Mich erinnert er auch an nix Trauriges. Ist halt für mich ein Alltagsessen.
Ich bin immer noch irritiert über die Engstirnigkeit einiger hier und wie sie ihre Meinung als einzig richtige darstellen.
Genau. Jeder darf hier essen, was er möchte. Nur state und ich werden angegangen, weil wir an Heilig Abend keinen Kartoffelsalat essen wollen. Wir sind in der Familie alle festlich gekleidet, der Tisch und das Zimmer sind geschmückt, alle kommen von weit her, da wird man doch etwas Besonderes essen dürfen, worauf sich alle freuen. Wir bereiten das Essen zusammen vor, es sind Vegetarier dabei, daher wird auch so geplant, dass es für alle passt. Das Essen an Heilig Abend ist uns wichtig und ein Teil des gemütlichen Beisammenseins.
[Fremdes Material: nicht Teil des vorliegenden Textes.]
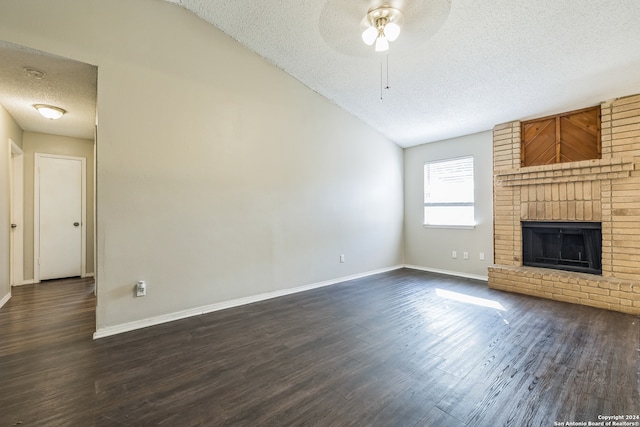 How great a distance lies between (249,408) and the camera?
1.57 meters

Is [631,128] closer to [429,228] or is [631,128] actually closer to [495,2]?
[495,2]

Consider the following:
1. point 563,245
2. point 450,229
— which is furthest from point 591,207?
point 450,229

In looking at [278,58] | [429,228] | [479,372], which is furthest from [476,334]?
[278,58]

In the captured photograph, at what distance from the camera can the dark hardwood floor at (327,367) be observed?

Geschenke spielen keine große Rolle.
Jaha, DU findest ihn nicht lecker.
Andere schon.
Und, wer hat jetzt Recht??
Die anderen natürlich. Wie immer.
Versteh doch einfach, dass das deine ganz persönlichen Empfindungen und Konnotationen sind, für die die Sache "Kartoffelsalat" rein gar nichts kann. Es ist allein deine ganze, ganz persönliche Zuschreibung.
Ich finde Kartoffelsalat einfach nicht lecker und das hat nichts mit Emotionen zu tun.
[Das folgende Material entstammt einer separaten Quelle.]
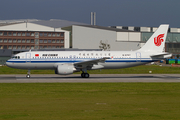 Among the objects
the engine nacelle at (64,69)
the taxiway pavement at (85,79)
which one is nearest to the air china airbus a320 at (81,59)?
the engine nacelle at (64,69)

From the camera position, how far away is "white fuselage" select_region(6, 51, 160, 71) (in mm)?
36875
Das tut mir sehr leid für dich. Es ist deine sehr persönliche Geschichte.
Für mich ist es eher andersherum, Kartoffelsalat bedeutete bei mir, wir grillen gemeinsam und machen als Familie etwas zusammen, was uns an unsere Zeit im Ausland erinnert.
Beide Geschichten, deine und meine, sind sehr persönlich und da kann der Kartoffelsalat einfach gar nichts dafür.
Kartoffelsalat selbst ist emotionslos.
Weihnachten sitze ich gerne mit der Familie lange am Tisch und schlemme. Alle freuen sich aufs Essen und es soll etwas Besonderes sein. Das geht bei mir mit Kartoffelsalat und Würstchen nicht.
Zauberwald ich glaube wir beide waren uns noch nie so einig. Frohe Weihnachten.
Das stimmt wohl. Dir auch Frohe Weihnachten.
Kartoffelsalat ist traurig?
Ja. Kartoffelsalat ist das Essen. das es als Kind jeden Samstag Mittag gab, wenn man aus der Schule kam und Mama aufgrund von Zeitmangel (Putztag) keine Lust/Zeit zum Kochen hatte. Verbunden mit egal welchen Würstchen ist es für mich ein "sorry, ich habe keine Zeit" Essen und ich kannte es erst als DAS Heiligabendessen, als ich nach BW gezogen bin. Dass es im Rest Deutschlands wohl auch Tradition ist, habe ich erst dieser Tage gelernt.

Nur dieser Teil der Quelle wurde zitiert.